> **Task directions**: Return the listing below verbatim. Pictures do not belong in the copy.

> **Source material**:
BEGIN

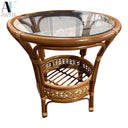 WICKER LIVING SET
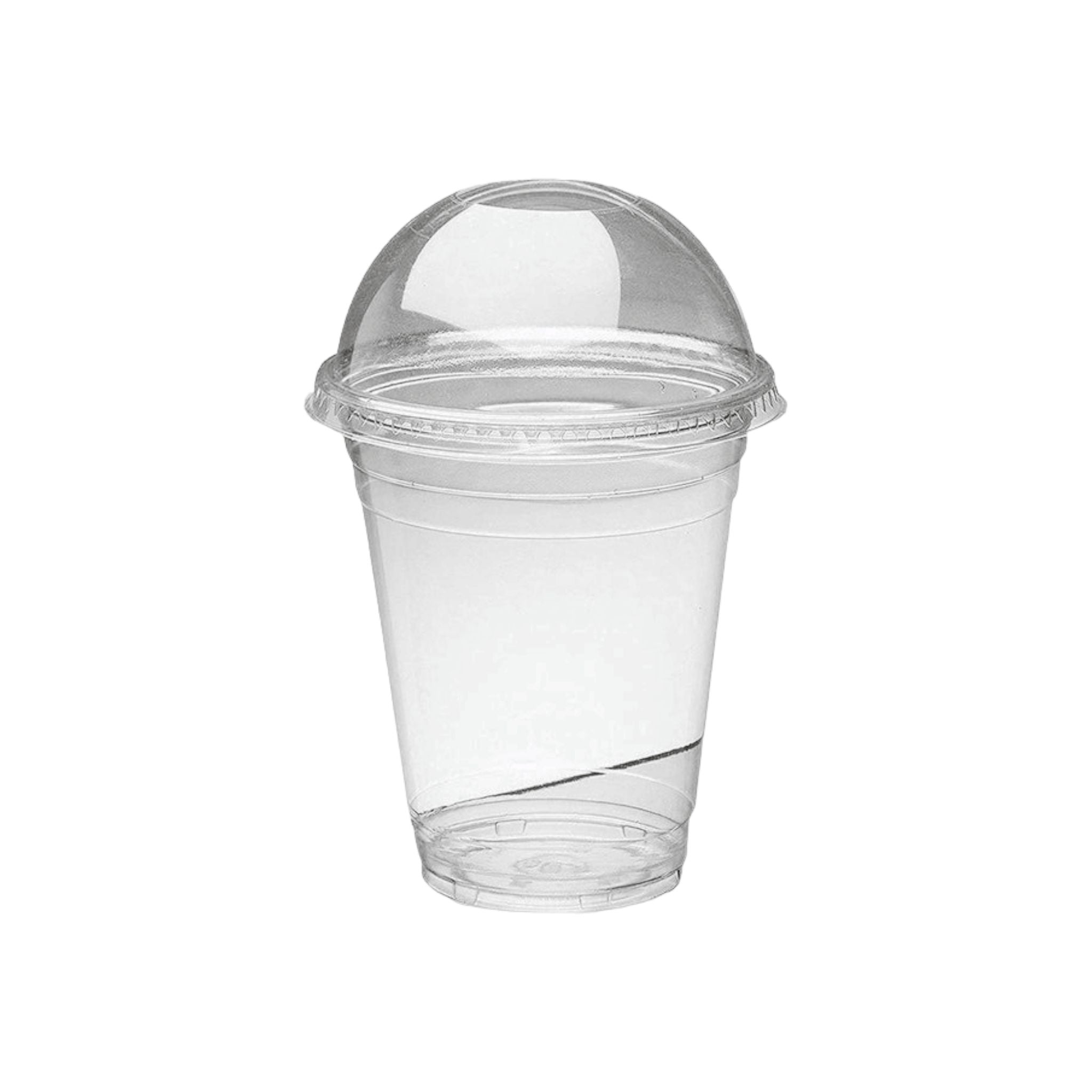 500ml Disposable PET Plastic Smoothie Cup with Dome Lid and Hole 10pack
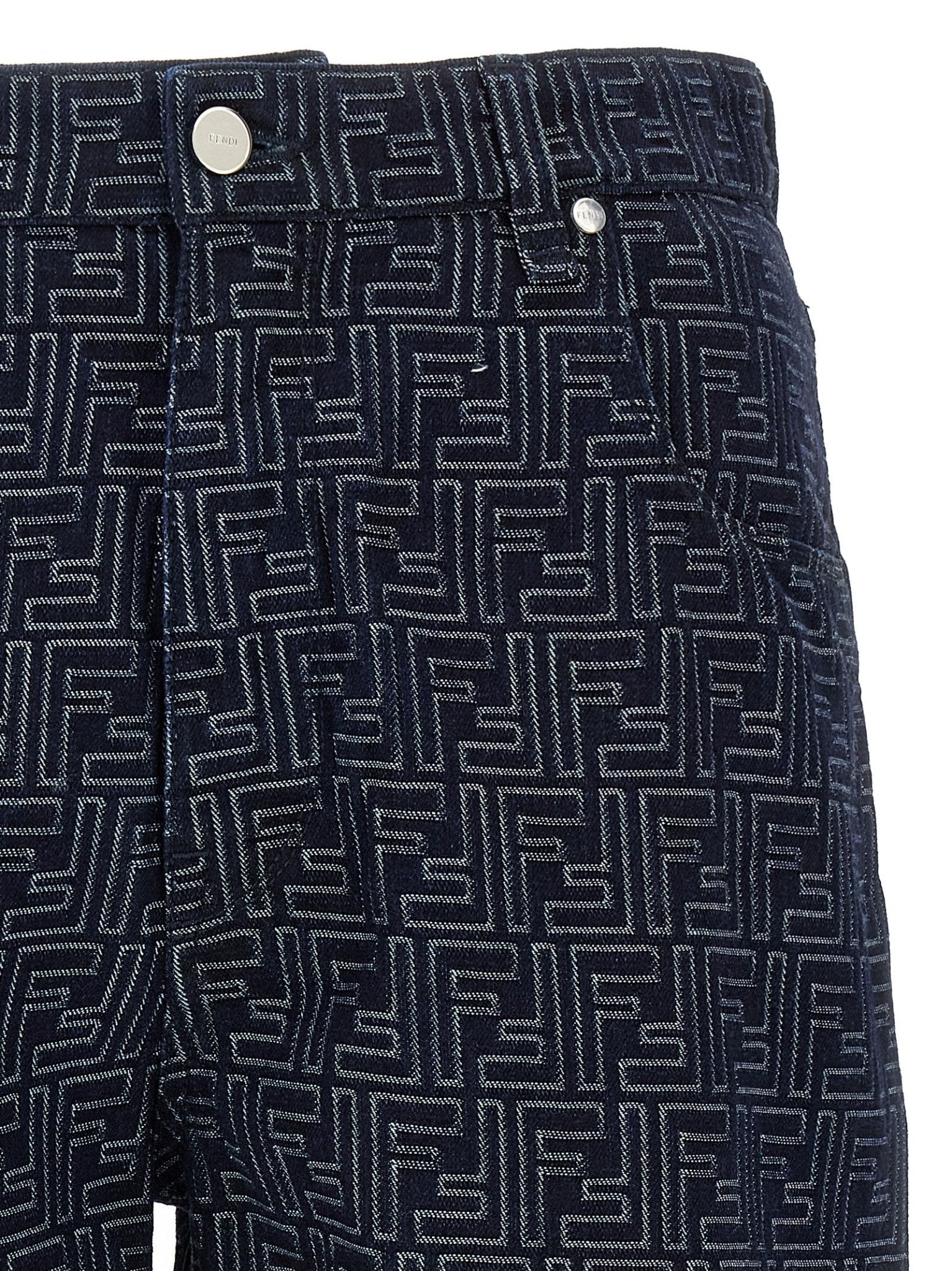 Fendi Blue Cotton Bermuda Shorts - HBPS Beauty & Fashion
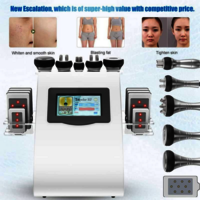 Cavitation Rf Weight Loss System - 350w Portable Vacuum Massage Machine | Touch Screen, White Slimming Equipment For Body Shaping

END

> **Finished exercise**:
 WICKER LIVING SET
 500ml Disposable PET Plastic Smoothie Cup with Dome Lid and Hole 10pack
 Fendi Blue Cotton Bermuda Shorts - HBPS Beauty & Fashion
 Cavitation Rf Weight Loss System - 350w Portable Vacuum Massage Machine | Touch Screen, White Slimming Equipment For Body Shaping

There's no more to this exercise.